• **Assigned task**: Every record here must be copied exactly, except for the images it holds.

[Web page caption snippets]
• • • • • • •

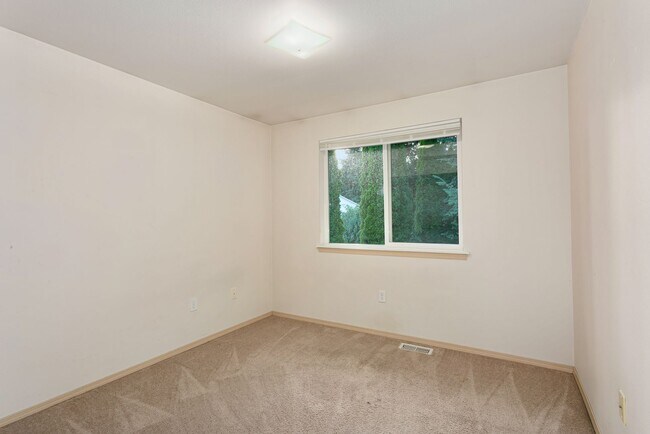 Building Photo - Spacious 3 Bed, 2 Bath Home with Garage & Large Yard in Puyallup!
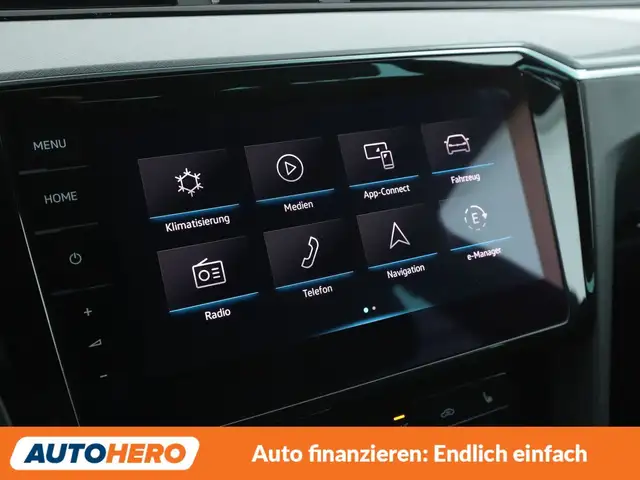 Volkswagen Passat view 20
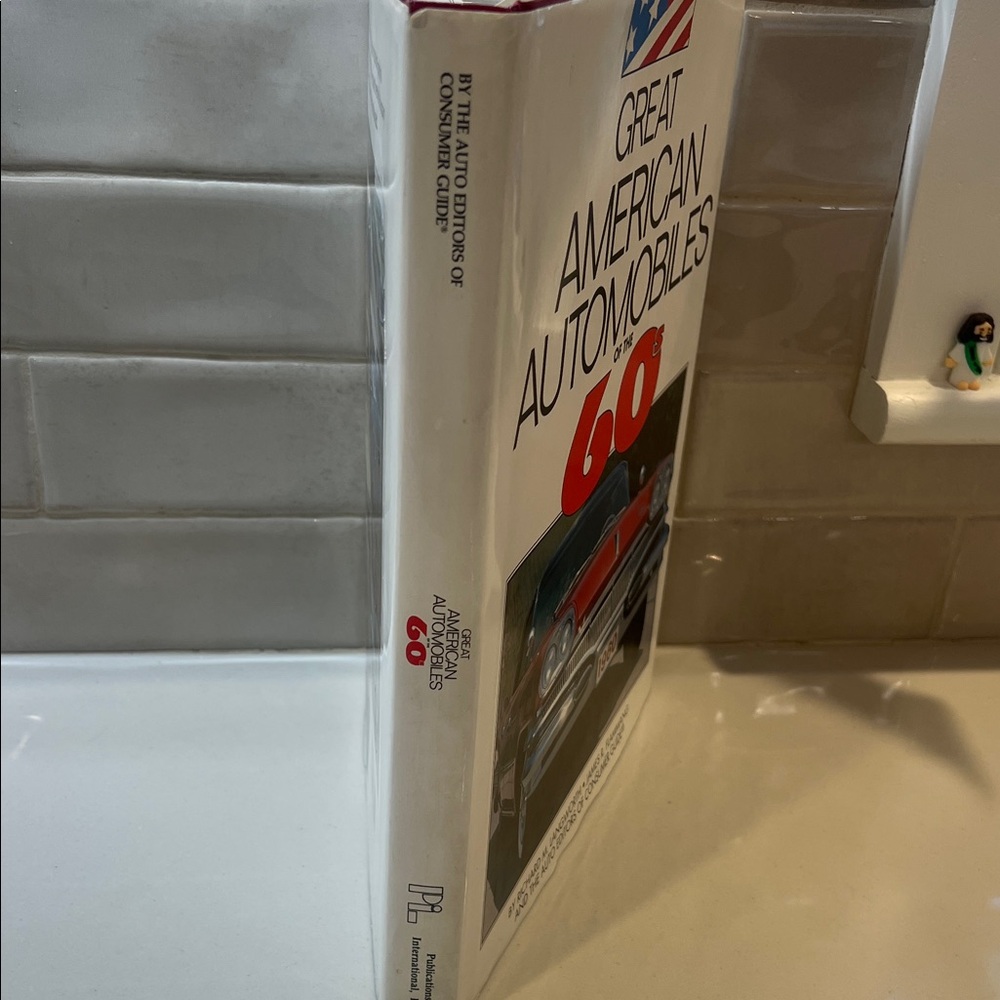 Great American Automobiles of the 60s Book Coffee Table - Picture 8 of 10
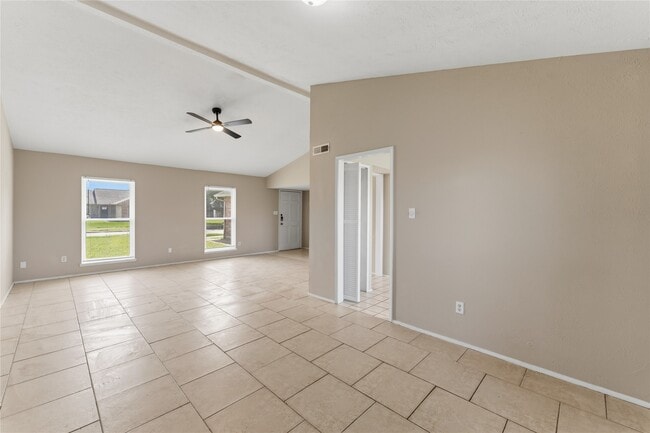 Photo - 16958 Jenikay St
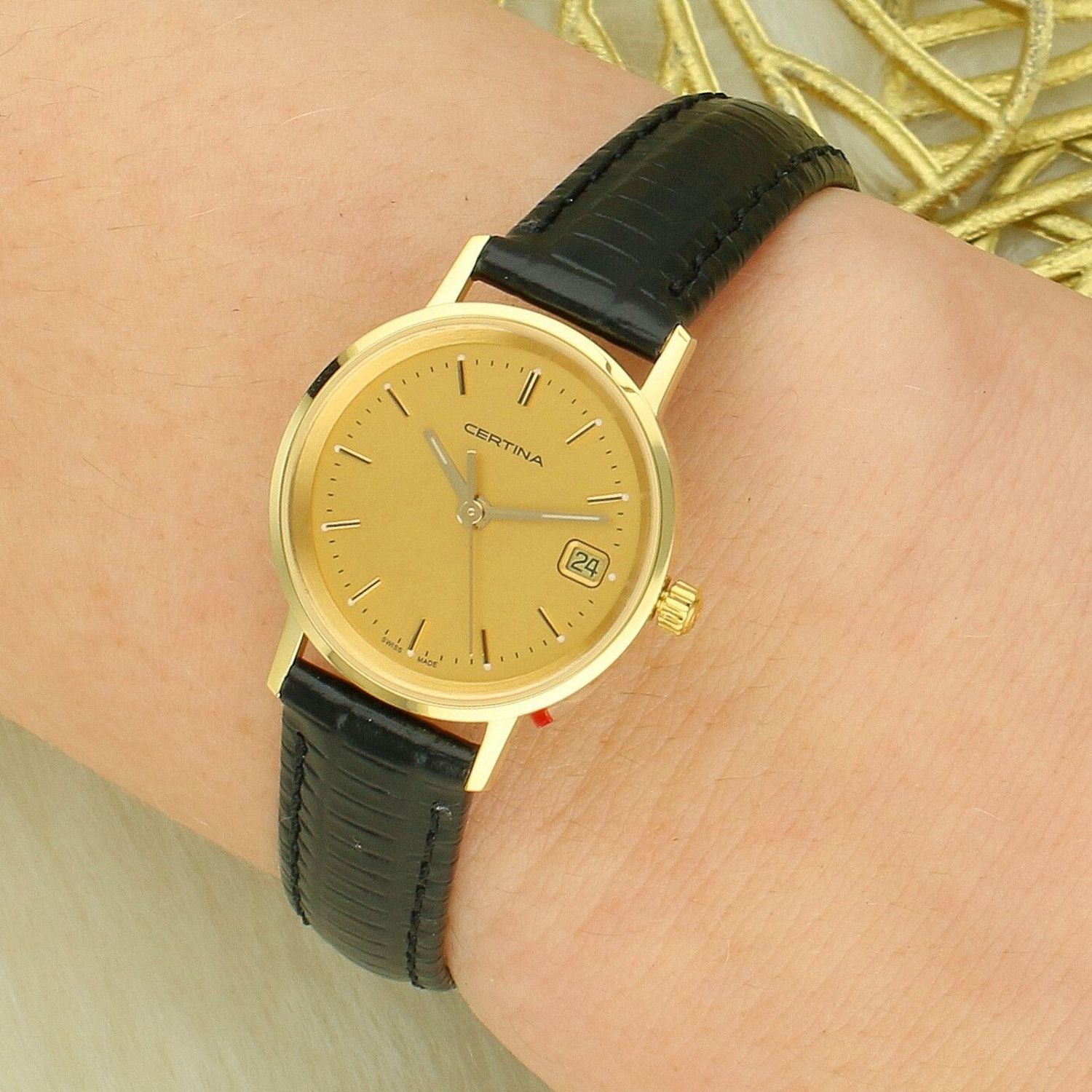 Zegarek Certina C152.9289.68.31 Gold 18K – damski zegarek na czarnym pasku skórzanymd.jpg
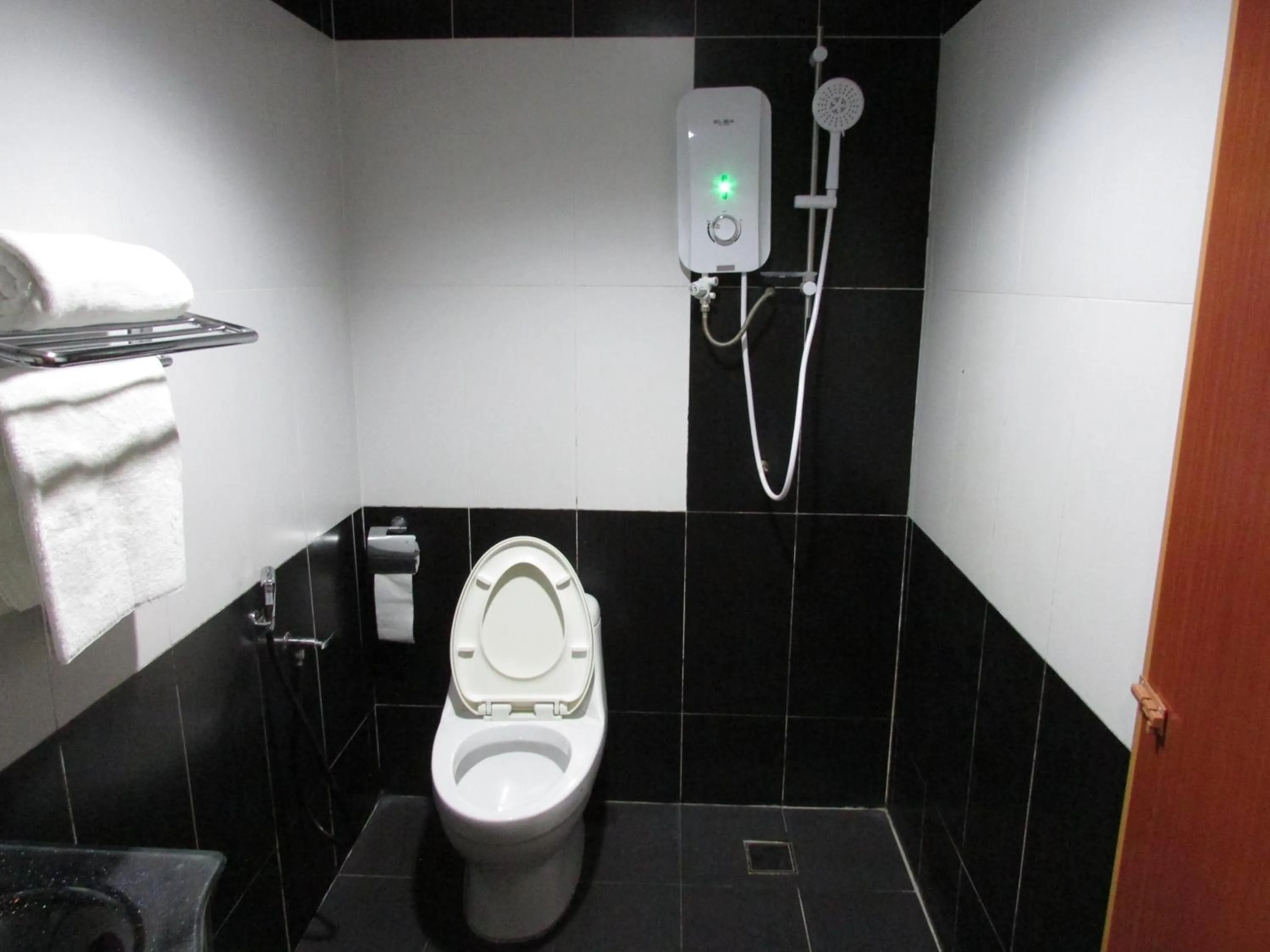 Bathroom in Safari Hotel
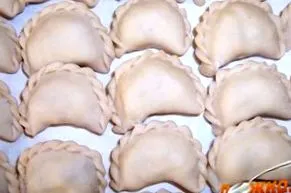hagymával galuskával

• • • • • • •

• **Answer to this problem**:
 Building Photo - Spacious 3 Bed, 2 Bath Home with Garage & Large Yard in Puyallup!
 Volkswagen Passat view 20
 Great American Automobiles of the 60s Book Coffee Table - Picture 8 of 10
 Photo - 16958 Jenikay St
 Zegarek Certina C152.9289.68.31 Gold 18K – damski zegarek na czarnym pasku skórzanymd.jpg
 Bathroom in Safari Hotel
hagymával galuskával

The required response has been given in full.